» WHAT IS EXPECTED: Write every line of the material again exactly, with no pictures in the copy.

» AVAILABLE DATA:
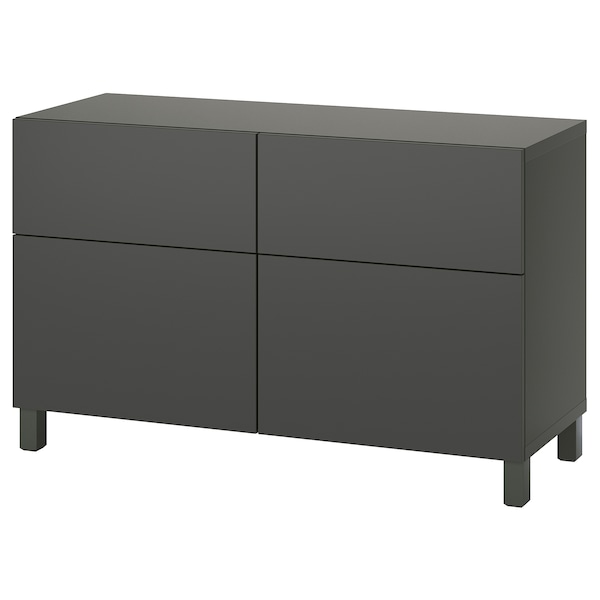 IKEA BESTÅ storage combination w doors/drawers, 47 1/4x16 1/2x29 1/8 in Dark Gray / Lappviken / Stubbarp Dark Gray, Ikea Ireland | 1629KIZSV
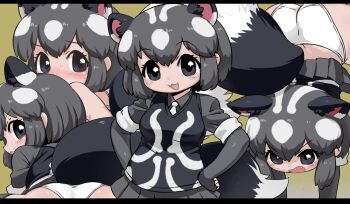 1girl :3 :d animal_ears ass black_eyes black_hair black_vest breasts commentary_request commission compilation elbow_gloves extra_ears fingerless_gloves gloves grey_gloves grey_shirt grey_skirt hands_on_own_hips kemono_friends kuro_(kurojill) letterboxed light_blush looking_at_viewer looking_back medium_breasts multicolored_hair multiple_views necktie nervous_sweating open_mouth panties pleated_skirt shirt short_hair short_sleeves skeb_commission skirt skunk_ears skunk_girl skunk_tail smile spotted_skunk_(kemono_friends) sweat tail two-tone_hair underwear v-shaped_eyebrows vest white_hair white_necktie white_panties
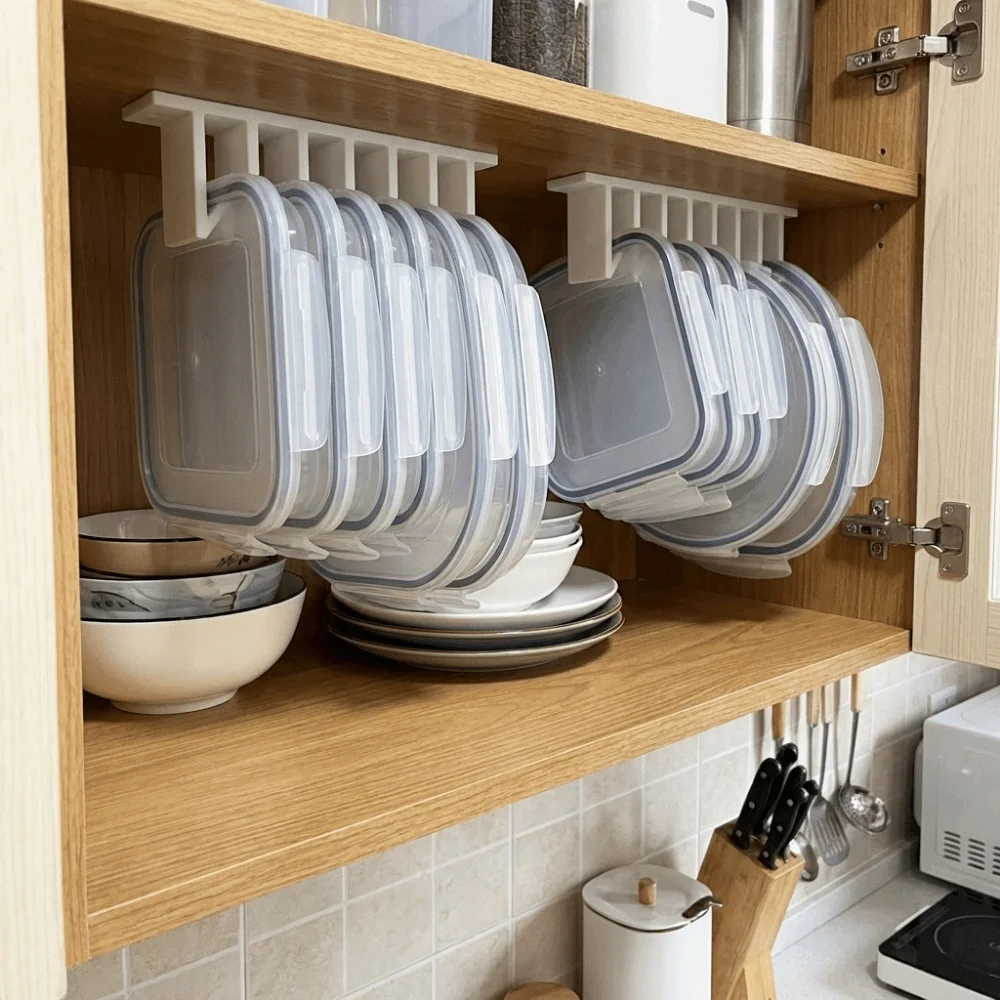 3D Printed Crisper Lid Storage Rack Mold Resistant Wall Mounted Multi-slot Lid Hanger Space Saving Plastic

» COMPLETED TASK:
 IKEA BESTÅ storage combination w doors/drawers, 47 1/4x16 1/2x29 1/8 in Dark Gray / Lappviken / Stubbarp Dark Gray, Ikea Ireland | 1629KIZSV
 1girl :3 :d animal_ears ass black_eyes black_hair black_vest breasts commentary_request commission compilation elbow_gloves extra_ears fingerless_gloves gloves grey_gloves grey_shirt grey_skirt hands_on_own_hips kemono_friends kuro_(kurojill) letterboxed light_blush looking_at_viewer looking_back medium_breasts multicolored_hair multiple_views necktie nervous_sweating open_mouth panties pleated_skirt shirt short_hair short_sleeves skeb_commission skirt skunk_ears skunk_girl skunk_tail smile spotted_skunk_(kemono_friends) sweat tail two-tone_hair underwear v-shaped_eyebrows vest white_hair white_necktie white_panties
 3D Printed Crisper Lid Storage Rack Mold Resistant Wall Mounted Multi-slot Lid Hanger Space Saving Plastic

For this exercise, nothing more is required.